Jacobinismo frente a autonomismo, o diálogo de los dos sistemas máximos
Copérnico afirmaba en el prólogo de su libro De revolitionibus que el sistema máximo astronómico ptolemaico era muy bello en sus partes, pero un verdadero monstruo en su conjunto. Si con la figura esférica, como forma característica de la estructura del universo, se buscaba explicar, a partir de un centro, el movimiento revolucionario (circular) de los cuerpos celestes, resultaba que su concepción ptolemaica estaba llena de excepcionalidades (excéntricas, epiciclos, eferentes, ecuantes, etc) resultando, al final, una estructura completamente inarmónica. En lugar de girar en torno a la Tierra como centro se postulaban ad hoc otros centros para, de este modo, conservar el movimiento circular esférico.
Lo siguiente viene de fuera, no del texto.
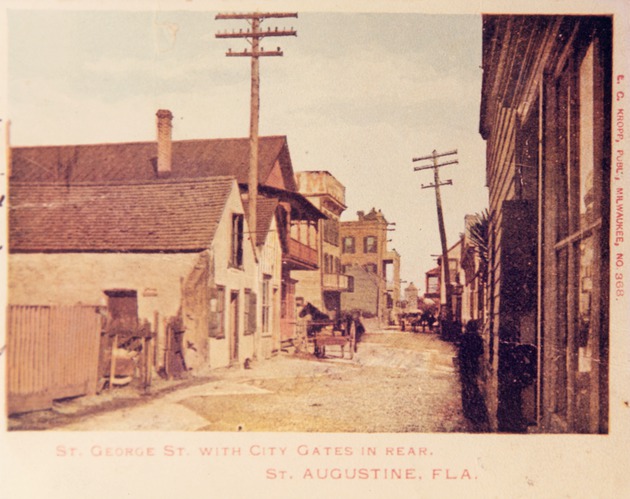 View of the North end of St. George Street, just South of Fort Alley, with the Tin Shop on the right hand side, looking North, Ca. 1900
Pero, claro, resulta que la idea de centro, como punto equidistante con respecto a los puntos que lo rodean, es incompatible con otro centro. La idea geométrica de centro exige unicidad.
Igualmente, mutatis mutandis, ocurre con la idea de soberanía en política, es absoluta y exige unicidad (“así como no hay dos soles en el cielo, no puede haber un Alejandro y un Darío en la Tierra”). La soberanía no puede repartirse ni dividirse, ni compartirse, ni cualquier otra idea que suponga, en algún sentido, polaridad o multilateralidad. O es absoluta o no es; no hay una tercera posibilidad.
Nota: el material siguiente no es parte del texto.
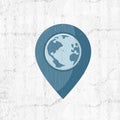 Blue world location icon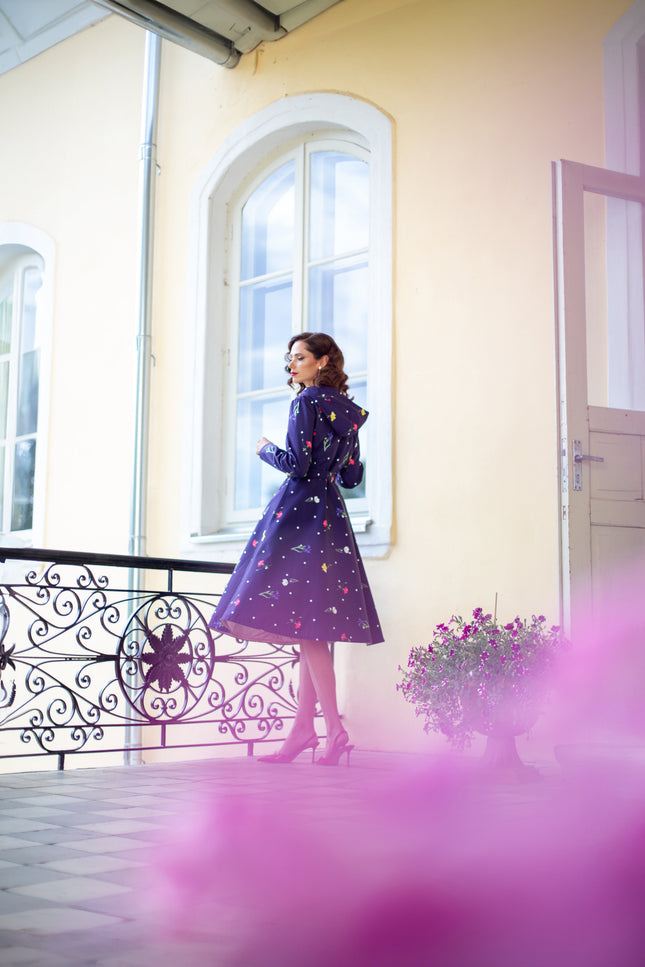 Double Breasted Trench Coat Violet Bloom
En el Concordato firmado entre el Papado y la Francia napoleónica, en 1801, se expresa esta idea de un modo muy elocuente y acertado diciendo que “la unidad del poder público y su universalidad son consecuencia necesaria de su soberanía. El poder público debe sostenerse a sí mismo, no es nada si no es todo” (Textos políticos franceses, Concordato Napoleón-Iglesia, p. 37).
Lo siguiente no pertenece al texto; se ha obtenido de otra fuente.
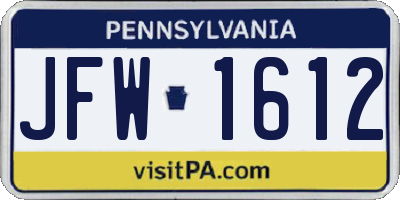 PA license plate JFW1612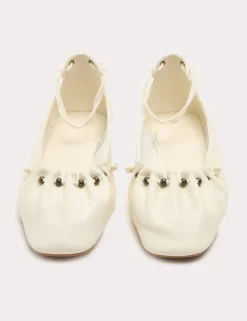 Ankle Tie Up Bead Detail Flat Ballet Pumps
En principio la pretensión de la Constitución del 78 también era la de compatibilizar la existencia de un poder administrativo regional con la idea de soberanía nacional, de la misma manera que en el universo ptolemaico se quiso salvar la idea de centro ocupado por la Tierra, a pesar de postular otros centros, para que la armonía de las esferas y la circularidad del movimiento de los cuerpos celestes persistiera. Pero resulta que ese poder regional, en cuanto reivindica “autonomía” para la región, ya pone en cuestión la soberanía nacional, de la misma manera que una excéntrica del universo ptolemaico “reivindica” su carácter central frente a la centralidad de la Tierra.
Sabido es que Copérnico, para recuperar la armonía del universo (frente a Ptolomeo), lanzó la hipótesis heliocéntrica, de tal manera que el único centro lo ocupara el Sol, sin que hicieran falta más “centros” (epiciclos, excéntricas, ecuantes, etc) que resultaban incompatibles con la idea de una estructura circular del universo.
Pues bien, aquí en España el régimen del 78 dio paso a la idea de una multiplicidad de centros soberanos (nación de naciones, etc) que son incompatibles con la soberanía nacional española (y, a la postre, con su unidad y su unicidad), generando un auténtico monstruo, que es el Estado autonómico, en el que cada parte quiere ser, se reivindica, centro soberano. Cada “capital” autonómica tiene su “parlamento”, su “gobierno”, etc, simulando la representación de un pequeño estado dentro del estado (“un imperio dentro de un imperio”). Estos simulacros de estado, que son las autonomías, en muchos casos cuentan en su seno con fuerzas políticas (“partidos políticos”) que buscan que tales simulacros dejen de ser tales, y se conviertan en estados de verdad (es decir, a los separatistas no les sirve el juguetito autonómico que les proporciona el Título VIII de la CE, y quieren ver a su “autonomía” convertida en estado de verdad).
Haría falta pues, para recuperar la armonía y el concierto político entre las distintas partes regionales de España, un giro copernicano que, de nuevo, como “hipótesis” jacobina frente al monstruo autonómico-ptolemaico, coloque a la nación española en el centro, con sus intereses comunes a los que aspirar, y hacerlo, además, colocando al separatismo fuera de la ley (que es de donde nunca debió haber salido).
La alternativa es la desaparición por fragmentación (“todo regno partido, astragado seríe”, decía Alfonso X), es decir, una disyunción fuerte que obliga a escoger entre el Estado o la sedición (entre la soberanía nacional o su descomposición), siendo una incompatible con la otra.
En definitiva, frente a las pretensiones de la Transición (y el espíritu del 78, completamente utopista), hay que saber ya que el Estado es incompatible con la sedición (separatista) del propio Estado. Hay que escoger obligatoriamente, insisto una vez más, entre César o nada, entre la soberanía nacional o su descomposición (tercero excluido).